LD: Nazareth, Middle Eastern people back home and here in the States,as well as mainstream America are reading my site. I think they'd like to see an example of a Middle Eastern American who is successful.
So, tell me, how do you define yourself?
Naz: First, I'm an American, but I'm also a Middle Eastern American.
LD: Where are you originally from?
Naz: I was born in the Holy Land, and grew up in Kuwait. Dad had a construction company there. Most of my family are engineers.
LD: Why did you emigrate to the USA?
Naz: I came to the United States to attend college, in Toledo.
LD: How did you meet your wife? And is it true that you two are doubly blessed?
Naz: I went to Gaza on family business for my Dad. While there I met the sister of my cousin's fiancee. We realized that we're both born again Christians.
After 5 days of getting to know her, I asked my wife to marry me. I claim it was an arranged marriage because she arranged for the flowers and the cake. Ha! Ha! We married in Gaza in a Greek Orthodox church. Later in the US, my pastor conducted a second American ceremony in my home church.
LD: How did you get into Christian comedy?
Naz: I was a comedian before I became a Christian. In class I wasn't considered the class clown, but I always encouraged class clowns to do better.
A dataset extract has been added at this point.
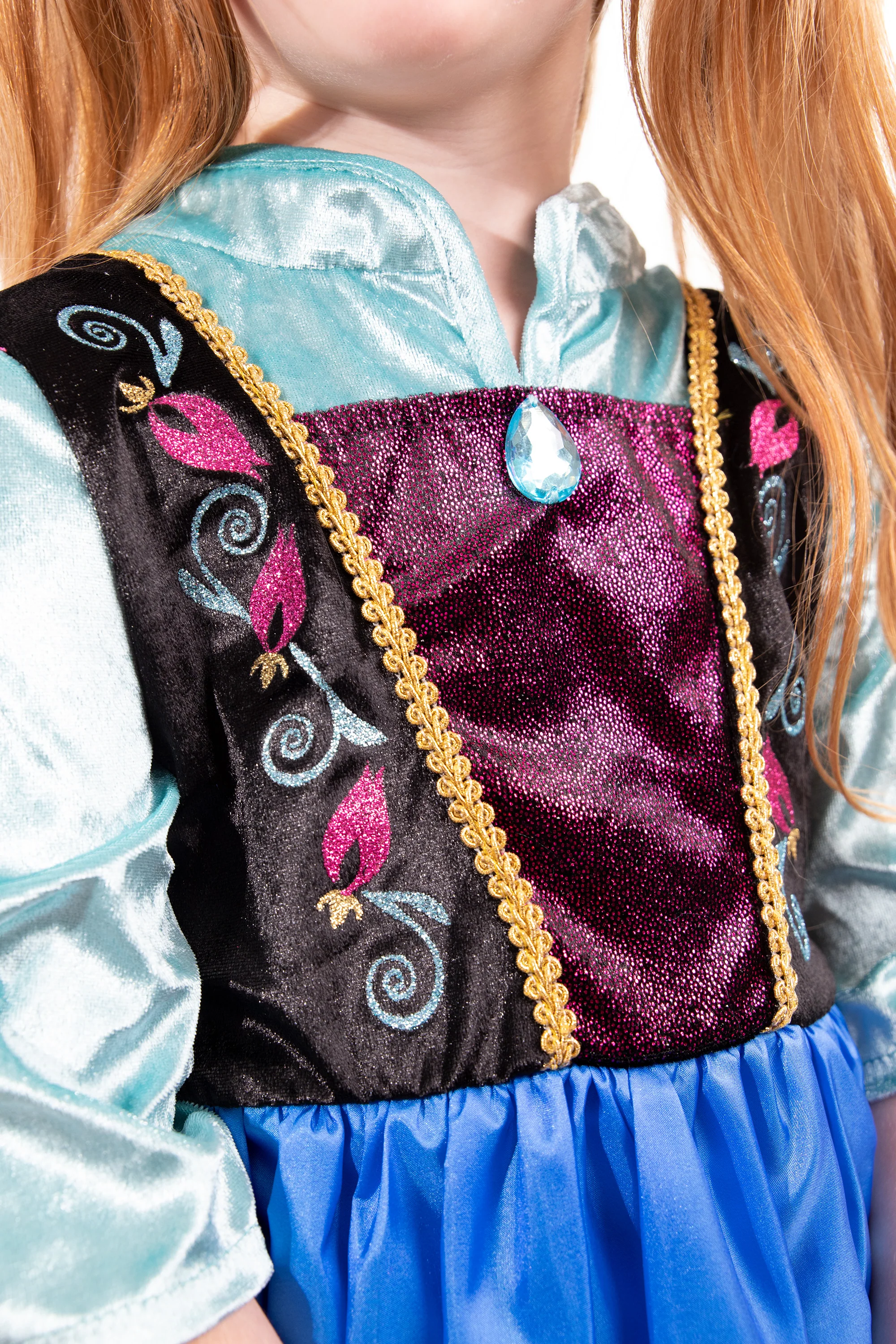 Alpine Princess - tumbierware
Ha!
I have a humorous outlook on the USA; I comment on life, with a moral filter.
I am the only conservative, evangelical, Middle Eastern comedian in the US.
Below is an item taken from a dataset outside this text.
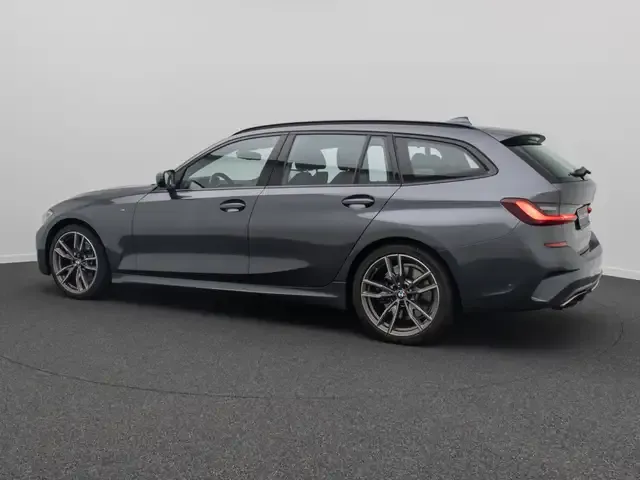 BMW 340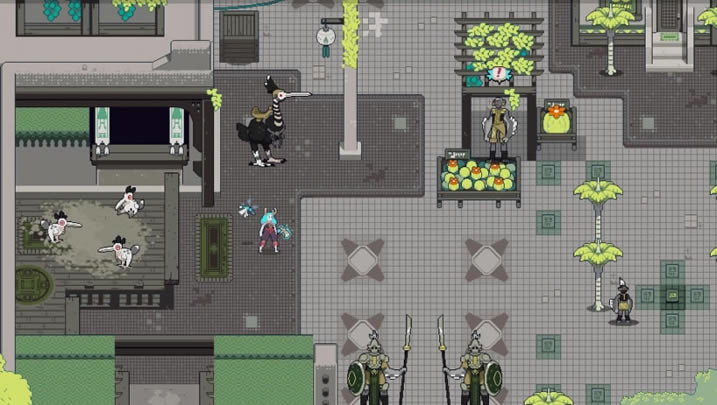 图腾游戏下载（暂未上线）_图腾中文版下载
LD: What is the purpose of your comedy, considering the fact that you refer to your heritage throughout the act?
Naz: Currently, I'm promoting my tour "Proud 2B American". http://www.thinkbigusa.net/
I aim to honor our military and their families--whether you agree with the situation or not, these are our kids overseas.
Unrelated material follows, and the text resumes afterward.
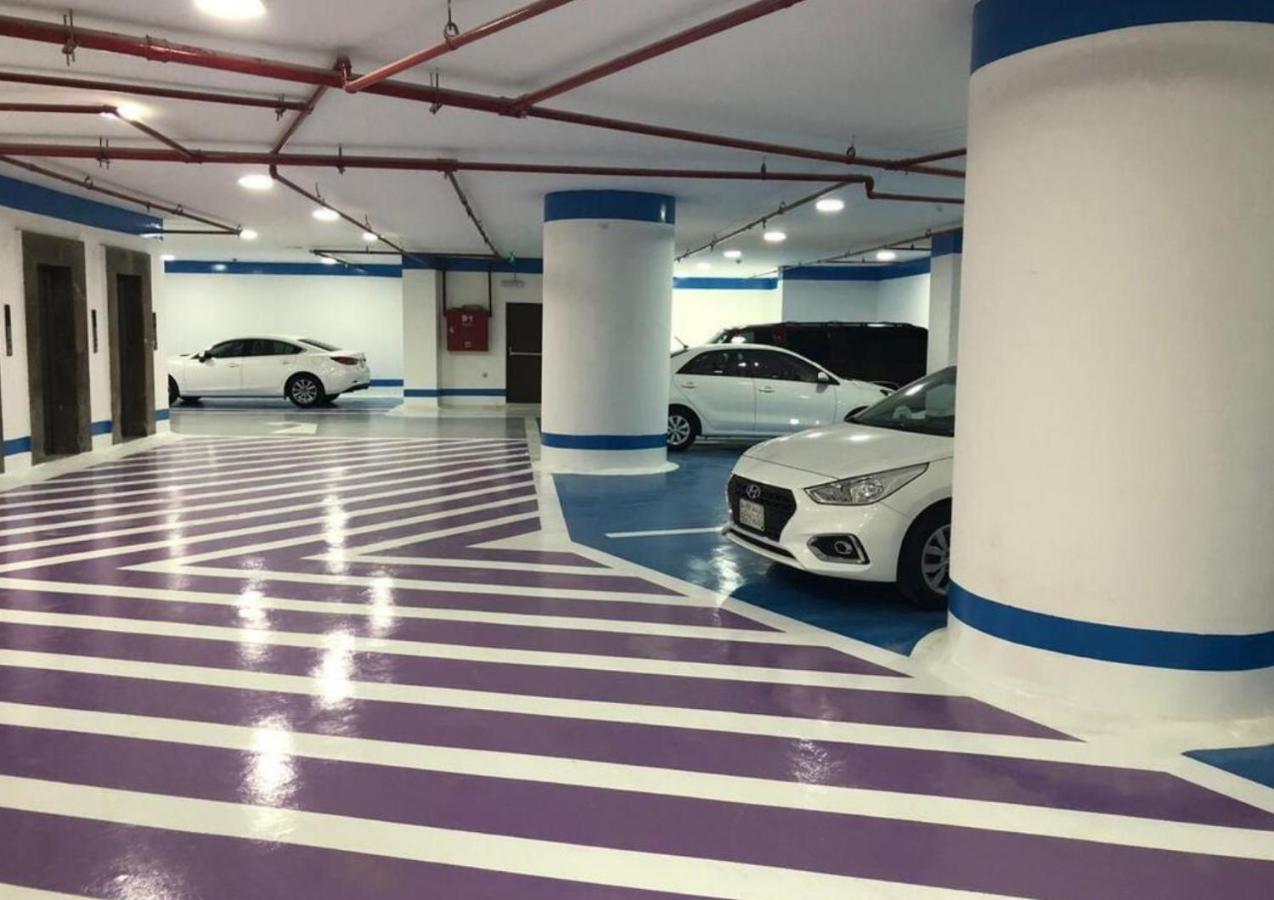 Midan & Al Aziziya Hotel Mecca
This is a Middle Eastern comedian saying THANK YOU to troops and families for their sacrifice.
From a Christian viewpoint, I also want to tell high school boys and girls to practice abstinence, and live moral lives.
Women should be treated well. A girl should be able to look forward to being the bride in a white gown one day. Our media is failing us here--it is demoralizing women.
Where's the knight in shining armor? I'd like to tell women that a man should be able to give his life to her in front of both God and man.
Part of me is comedy, but I also choose to moralize; I want to change people's lives.
LD: How do today's audiences receive you?
Naz: Very well--When I go to conservative areas like Mississippi, Kentucky, and Indiana, I explain that I'm a believer. 75% of my audience is church-going; I usually overcome their stereotypes of Middle Eastern people.
LD: What would you like the West to know about Middle Eastern Americans?
Naz: We are a diverse group. We don't all think or feel the same way. Middle Eastern people are conservative Republicans, liberal Muslims, Christians, secularists, ect.. We cannot be stereotyped into a mold, but need to be differentiated between and treated as individuals. Build your own opinions afterward.
LD: For fun, what is your favorite Middle Eastern dish and who makes it for you?
Naz: Tabbouli--my sister-in-law, chops the parsley by hand, and takes her time.
LD: That's a popular salad; it seems to be well known now.
LD: Nazareth, how are you involved with the Gaza Baptist Mission?
Naz: Previously, I told you about how and where I met my wife--in Gaza.
LD: Yes, I remember.
Naz: Dr. Hanna Masaad was my wife's pastor from the Gaza Baptist Church. My future wife told me that he was in the United States as a student. She sent me on a mission to locate him.
Not an easy job! So, I sent out an email to another Middle Eastern pastor, and within a day or so, found Dr. Masaad. At the time he was a student at Fuller Theological Seminary. We connected, and Dr. Masaad came to visit. From there we built a friendship.
After six years abroad as a student, Dr. Masaad returned to the pastor position at Gaza Baptist Church. Originally, along with other prominent Christian men, I came to be President of the board which oversaw the allocation of the funds collected for the mission in Gaza. Today, I am still involved as the board Secretary.
Recently, a new six story building was opened for the mission which includes a public library and a free women's clinic.
Ninety percent of the money raised for this project came from donations by Christians in Colorado.
Dr. Joyce Meyer donated the mammography machine.
There is also a mission run bookstore in downtown Gaza which offers computer training.
Our goal is to meet the physical and spiritual needs of all people.
For example, when school supplies are handed out, they are given to anyone who needs them.
It is a rough situation in Gaza today. You can see this from the news. Gaza is the most densely populated place on earth. There are approximately 1.6 million people living there. But, Dr. Masaad and his family have prevailed there for six years.
As Christians, we must love justice, mercy, and peace.
LD: Thank you Nazareth for your time.